Ofili was born in Manchester to May and Michael Ofili. When he was eleven, his father left the family and moved back to Nigeria. Ofili was for some years educated at St. Pius X High School for Boys, and then at Xaverian College in Victoria Park, Manchester. Ofili completed a foundation course in art at Tameside College in Ashton-under-Lyne in Greater Manchester and then studied in London, at the Chelsea School of Art from 1988 to 1991 and at the Royal College of Art from 1991 to 1993. In the fall of 1992, he got a one-year exchange scholarship to Universität der Künste Berlin.

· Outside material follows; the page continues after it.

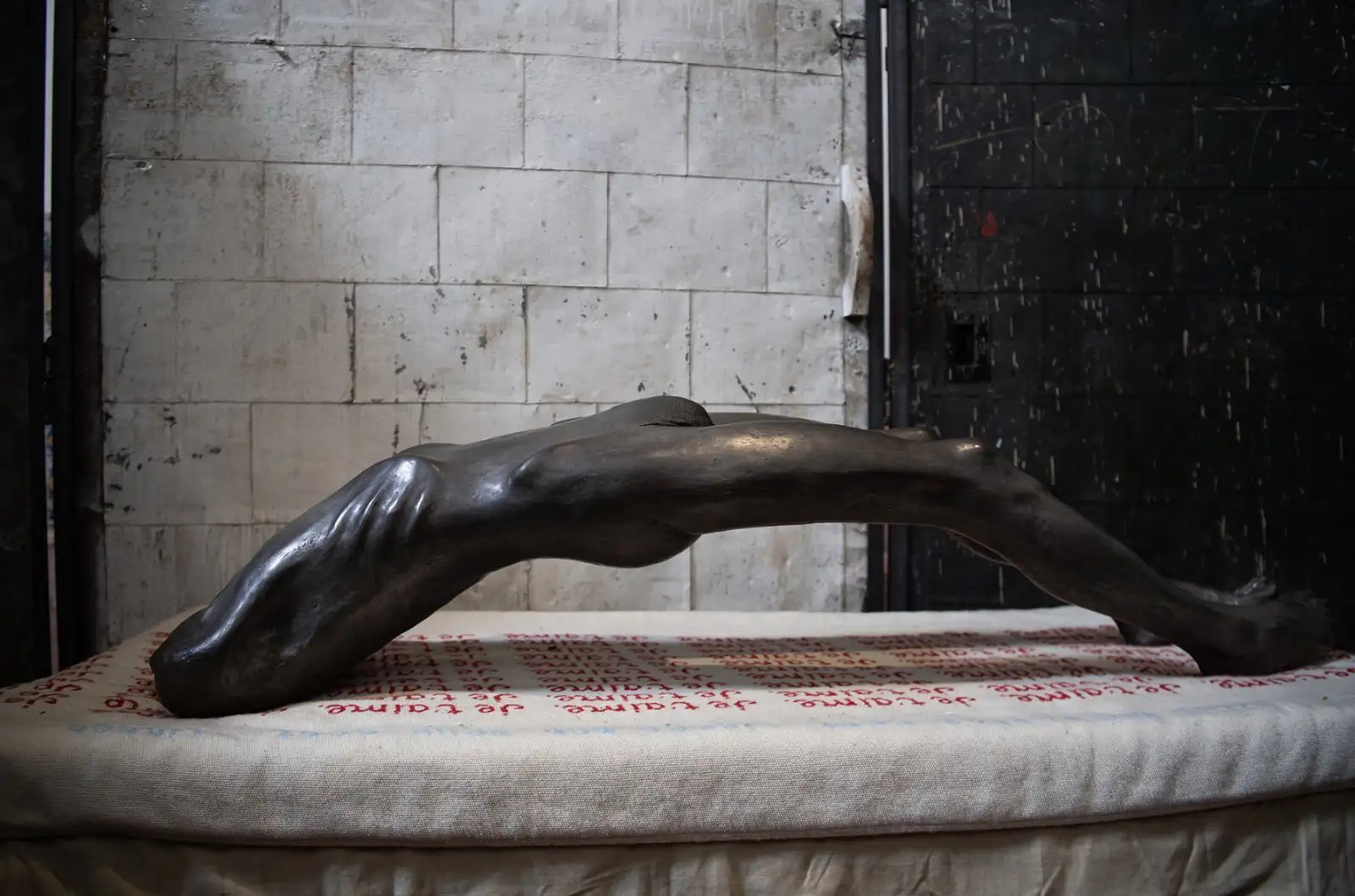 Louise Bourgeois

Ofili visited Trinidad for the first time in 2000, when he was invited by an international art trust to attend a painting workshop in Port of Spain. He permanently moved to Trinidad in 2005. He lives with his wife Roba, former singer with trip-hop band Attica Blues, whom he married in 2002. He maintains a studio on Lady Chancellor Road, about ten minutes from downtown Port of Spain, in Trinidad.

Ofili's early work was heavily influenced by Jean-Michel Basquiat, Georg Baselitz, Philip Guston, and George Condo. Peter Doig was doing graduate work at the Chelsea College of Arts when Ofili was an undergraduate, and they soon became friends. In 2014, art critic Roberta Smith held that Ofili has much in common with painters like Mickalene Thomas, Kerry James Marshall, Robert Colescott and Ellen Gallagher, and with more distant precedents such as Bob Thompson, Beauford Delaney and William H. Johnson.

Ofili was established through exhibitions by Charles Saatchi at his gallery in north London and the travelling exhibition Sensation (1997), becoming recognised as one of the few British artists of African / Caribbean descent to break through as a member of the Young British Artists group. Ofili has also had numerous solo shows since the early 1990s, including at the Serpentine Gallery. In 1998, Ofili won the Turner Prize, and in 2003 he was selected to represent Britain at the Venice Biennale of that year, where his work for the British Pavilion was done in collaboration with the architect David Adjaye.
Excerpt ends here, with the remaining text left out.